Diversification des parcours d'accès : Initialement basé principalement sur les performances en compétition, le système s'est progressivement ouvert à différentes voies d'obtention (technique, enseignement, contribution au développement) permettant à un plus grand nombre de pratiquants d'accéder aux dan.
Intégration de la formation continue : De nombreuses fédérations nationales ont mis en place des programmes de formation continue pour les hauts gradés, maintenant ainsi leur niveau d'expertise et les encourageant à approfondir constamment leurs connaissances.
Adaptation aux évolutions techniques : Le système des dan a intégré l'évolution des techniques et des méthodes d'enseignement du judo, préservant la tradition tout en s'ouvrant aux innovations pertinentes.
Reconnaissance des contributions non-techniques : Les dan supérieurs (6ème et au-delà) reconnaissent désormais explicitement les contributions au développement du judo au-delà des seules compétences techniques, valorisant ainsi l'engagement global dans la discipline.

Cette capacité d'adaptation reflète parfaitement les principes mêmes du judo formulés par Jigoro Kano : "Seiryoku Zenyo" (utilisation optimale de l'énergie) et "Jita Kyoei" (prospérité mutuelle). Le système des dan évolue avec son temps tout en préservant l'essence de la discipline.
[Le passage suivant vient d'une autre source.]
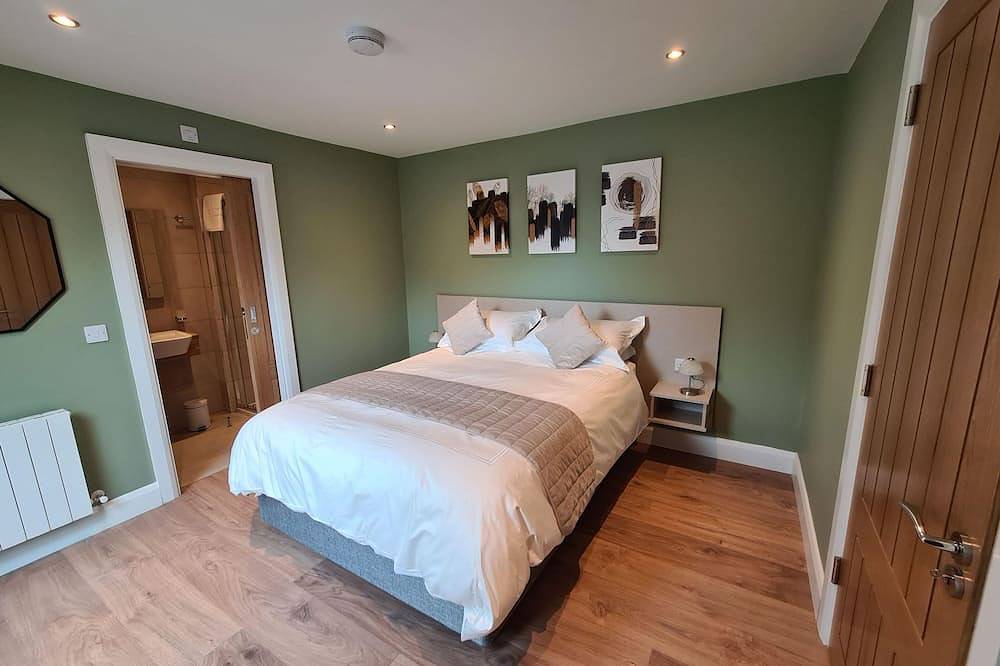 Ganze Wohnung, 💚Perfect Luxury 2 bedroom, 3 bathroom apartment. 5 star reviews, laundry. in Cork, County Cork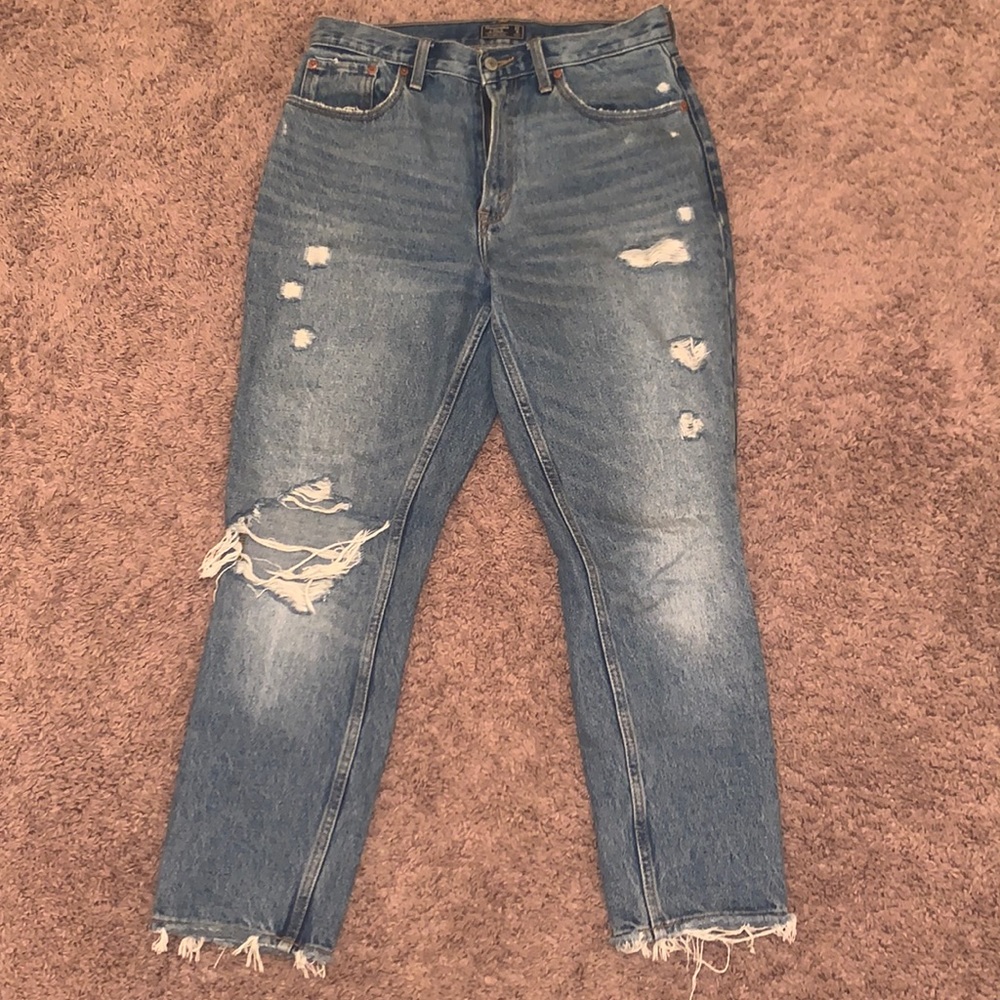 Abercrombie & Fitch Boyfriend Jeans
Le rôle fondamental du dan dans le développement personnel et communautaire

Le système des dan dans le judo constitue un pilier essentiel qui structure à la fois le parcours individuel du judoka et l'organisation sociale de toute la discipline. Cette hiérarchie traditionnelle apporte des bénéfices considérables aux différents niveaux de pratique. Pour le développement personnel, chaque progression vers un dan supérieur forge le caractère du judoka en développant des qualités fondamentales comme la persévérance et l'humilité.

Apports du système des dan

Apport individuelle Cadre structuré de progression, objectifs échelonnés, reconnaissance des efforts
Apport technique Acquisition méthodique des compétences, perfectionnement constant, maîtrise croissante
Apport communautaire Hiérarchie respectueuse, transmission organisée, préservation des traditions
Apport sociale Mentorat entre niveaux, sentiment d'appartenance, perpétuation des valeurs

Au niveau communautaire, les dan établissent des relations de respect mutuel où chacun trouve sa place. Cette structure permet de préserver l'héritage technique et philosophique du judo. Cette double dimension reflète parfaitement la vision de Jigoro Kano, qui concevait le judo non comme une simple méthode de combat, mais comme un outil éducatif complet visant le développement intégral de l'individu et la prospérité mutuelle, selon le principe "Jita Kyoei". Ainsi, le judo transcende le statut de simple sport pour devenir une véritable voie de développement personnel et d'harmonie sociale.